%%

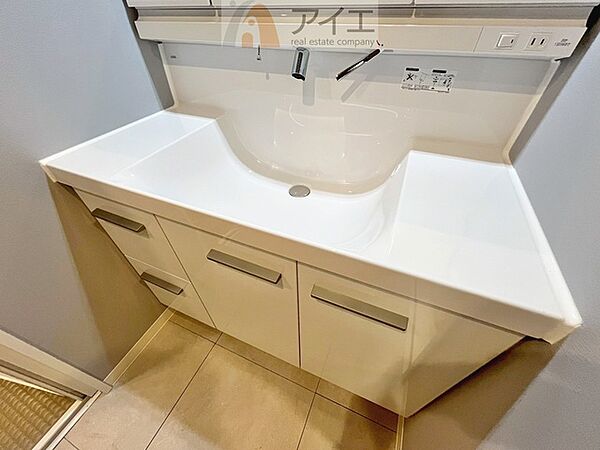 三面鏡にハンドシャワー付き、使いやすい洗面台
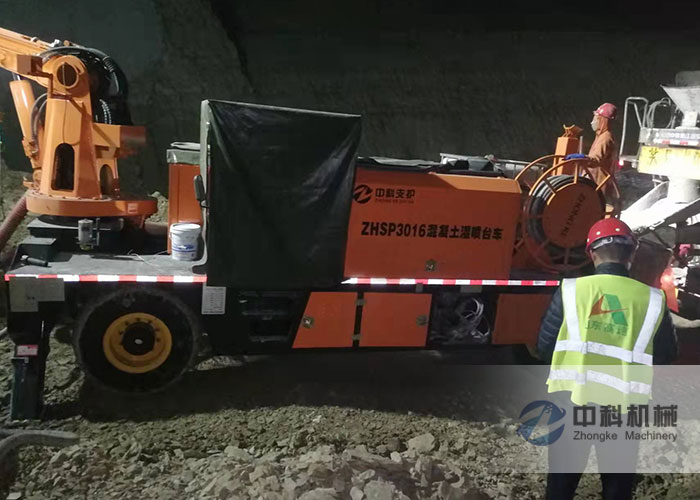 ZHSP3016混凝土濕噴台車施工現場-2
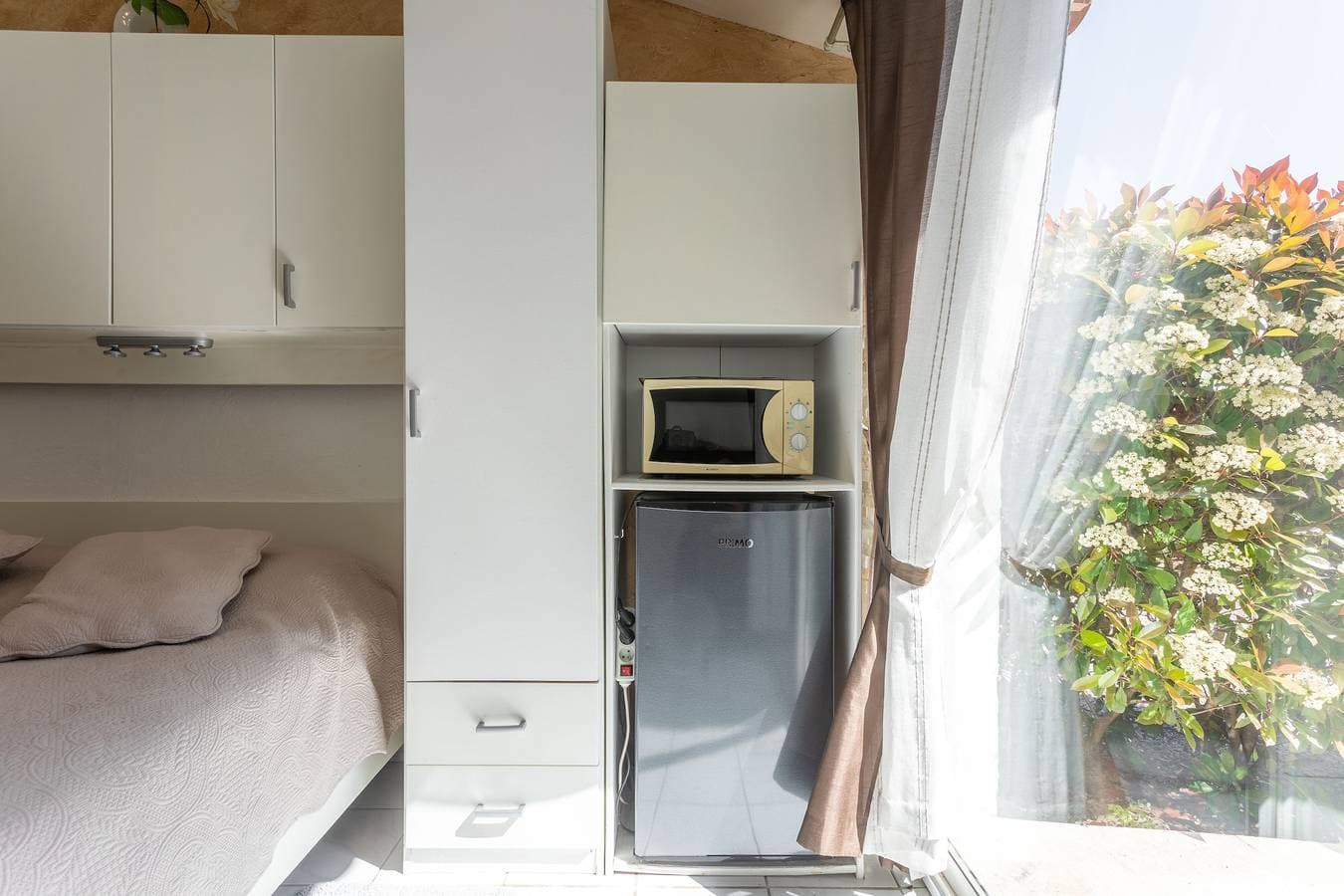 Foto 7 von 32: Gästezimmer „Chrisama“ mit Gemeinschaftspool, WLAN und Klimaanlage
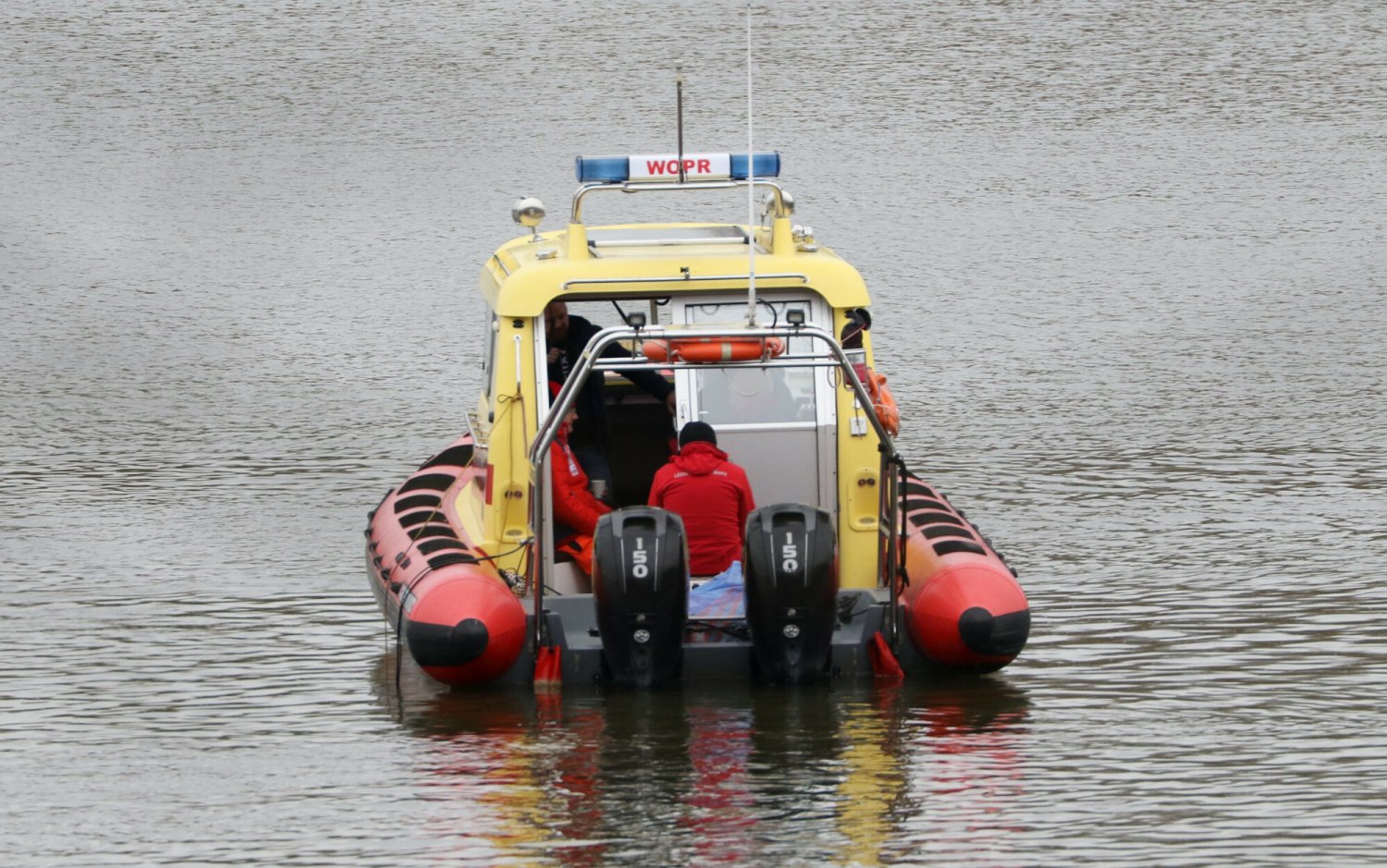 W poszukiwaniach ciała agentom FBI pomagał oddział WOPR.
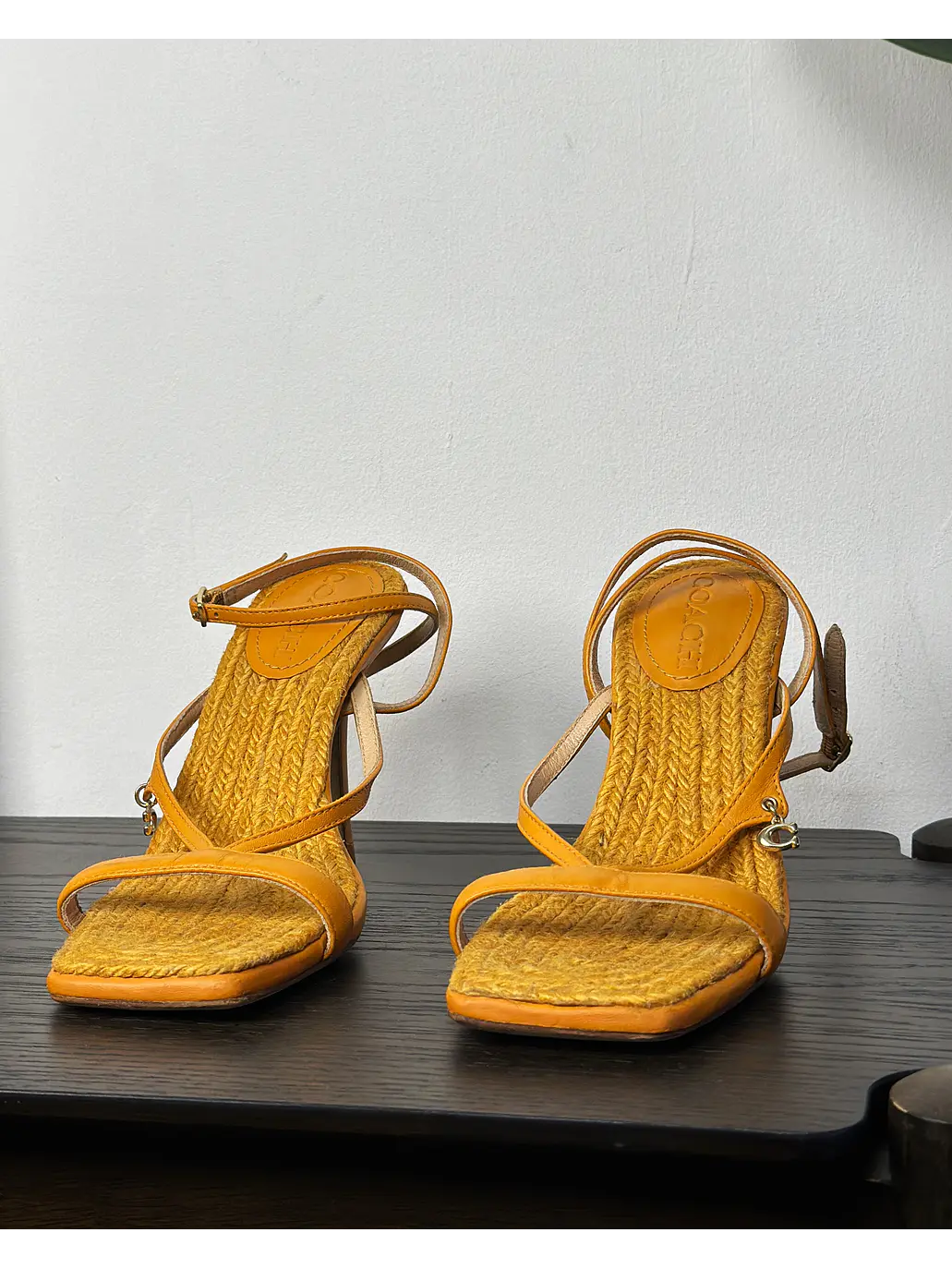 Sandalias de cuero naranja 2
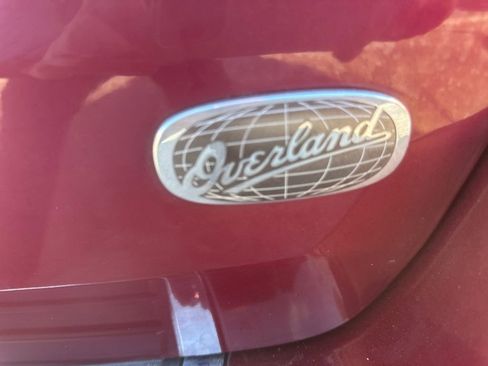 Used 2017 Jeep Grand Cherokee Overland image 22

%%

**What is needed**:
Print again, word for word, every line from the line with "ZHSP3016混凝土濕噴台車施工現場-2" to the final line of the records, inclusive; skip the pictures.

**Answer to this problem**:
 ZHSP3016混凝土濕噴台車施工現場-2
 Foto 7 von 32: Gästezimmer „Chrisama“ mit Gemeinschaftspool, WLAN und Klimaanlage
 W poszukiwaniach ciała agentom FBI pomagał oddział WOPR.
 Sandalias de cuero naranja 2
 Used 2017 Jeep Grand Cherokee Overland image 22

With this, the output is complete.